> _What you are asked to do_:
An exact copy of every record is the required answer.
*** Data extract ***
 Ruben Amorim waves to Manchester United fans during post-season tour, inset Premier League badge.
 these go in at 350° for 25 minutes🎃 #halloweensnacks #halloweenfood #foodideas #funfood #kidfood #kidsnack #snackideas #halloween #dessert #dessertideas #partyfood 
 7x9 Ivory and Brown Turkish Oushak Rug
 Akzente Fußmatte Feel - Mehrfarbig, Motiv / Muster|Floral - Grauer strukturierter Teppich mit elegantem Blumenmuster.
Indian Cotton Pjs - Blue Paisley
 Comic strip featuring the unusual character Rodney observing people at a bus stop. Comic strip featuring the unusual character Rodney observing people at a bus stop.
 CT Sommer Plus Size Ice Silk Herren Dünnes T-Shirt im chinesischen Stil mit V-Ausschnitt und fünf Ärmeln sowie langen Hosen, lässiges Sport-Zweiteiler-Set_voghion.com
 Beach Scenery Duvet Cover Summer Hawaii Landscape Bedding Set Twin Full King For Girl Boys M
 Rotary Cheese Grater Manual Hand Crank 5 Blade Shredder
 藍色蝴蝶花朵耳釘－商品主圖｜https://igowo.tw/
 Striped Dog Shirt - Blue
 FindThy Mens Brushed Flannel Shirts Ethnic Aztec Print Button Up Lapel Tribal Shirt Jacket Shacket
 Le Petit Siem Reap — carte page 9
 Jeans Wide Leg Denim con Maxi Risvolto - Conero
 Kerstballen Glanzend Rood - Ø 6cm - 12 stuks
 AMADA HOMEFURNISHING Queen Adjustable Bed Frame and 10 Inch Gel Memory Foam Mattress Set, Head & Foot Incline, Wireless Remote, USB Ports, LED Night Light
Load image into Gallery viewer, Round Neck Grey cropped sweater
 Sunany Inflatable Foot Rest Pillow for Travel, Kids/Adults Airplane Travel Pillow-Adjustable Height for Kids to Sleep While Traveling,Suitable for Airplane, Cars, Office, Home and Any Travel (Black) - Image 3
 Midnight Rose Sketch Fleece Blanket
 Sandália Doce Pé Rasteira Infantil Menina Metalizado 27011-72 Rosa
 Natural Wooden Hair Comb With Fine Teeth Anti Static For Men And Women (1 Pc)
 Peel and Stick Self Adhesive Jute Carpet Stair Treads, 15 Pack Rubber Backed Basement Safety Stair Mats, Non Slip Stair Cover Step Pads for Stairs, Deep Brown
*** End of Data extract ***
> _Result of this task_:
 Ruben Amorim waves to Manchester United fans during post-season tour, inset Premier League badge.
 these go in at 350° for 25 minutes🎃 #halloweensnacks #halloweenfood #foodideas #funfood #kidfood #kidsnack #snackideas #halloween #dessert #dessertideas #partyfood 
 7x9 Ivory and Brown Turkish Oushak Rug
 Akzente Fußmatte Feel - Mehrfarbig, Motiv / Muster|Floral - Grauer strukturierter Teppich mit elegantem Blumenmuster.
Indian Cotton Pjs - Blue Paisley
 Comic strip featuring the unusual character Rodney observing people at a bus stop. Comic strip featuring the unusual character Rodney observing people at a bus stop.
 CT Sommer Plus Size Ice Silk Herren Dünnes T-Shirt im chinesischen Stil mit V-Ausschnitt und fünf Ärmeln sowie langen Hosen, lässiges Sport-Zweiteiler-Set_voghion.com
 Beach Scenery Duvet Cover Summer Hawaii Landscape Bedding Set Twin Full King For Girl Boys M
 Rotary Cheese Grater Manual Hand Crank 5 Blade Shredder
 藍色蝴蝶花朵耳釘－商品主圖｜https://igowo.tw/
 Striped Dog Shirt - Blue
 FindThy Mens Brushed Flannel Shirts Ethnic Aztec Print Button Up Lapel Tribal Shirt Jacket Shacket
 Le Petit Siem Reap — carte page 9
 Jeans Wide Leg Denim con Maxi Risvolto - Conero
 Kerstballen Glanzend Rood - Ø 6cm - 12 stuks
 AMADA HOMEFURNISHING Queen Adjustable Bed Frame and 10 Inch Gel Memory Foam Mattress Set, Head & Foot Incline, Wireless Remote, USB Ports, LED Night Light
Load image into Gallery viewer, Round Neck Grey cropped sweater
 Sunany Inflatable Foot Rest Pillow for Travel, Kids/Adults Airplane Travel Pillow-Adjustable Height for Kids to Sleep While Traveling,Suitable for Airplane, Cars, Office, Home and Any Travel (Black) - Image 3
 Midnight Rose Sketch Fleece Blanket
 Sandália Doce Pé Rasteira Infantil Menina Metalizado 27011-72 Rosa
 Natural Wooden Hair Comb With Fine Teeth Anti Static For Men And Women (1 Pc)
 Peel and Stick Self Adhesive Jute Carpet Stair Treads, 15 Pack Rubber Backed Basement Safety Stair Mats, Non Slip Stair Cover Step Pads for Stairs, Deep Brown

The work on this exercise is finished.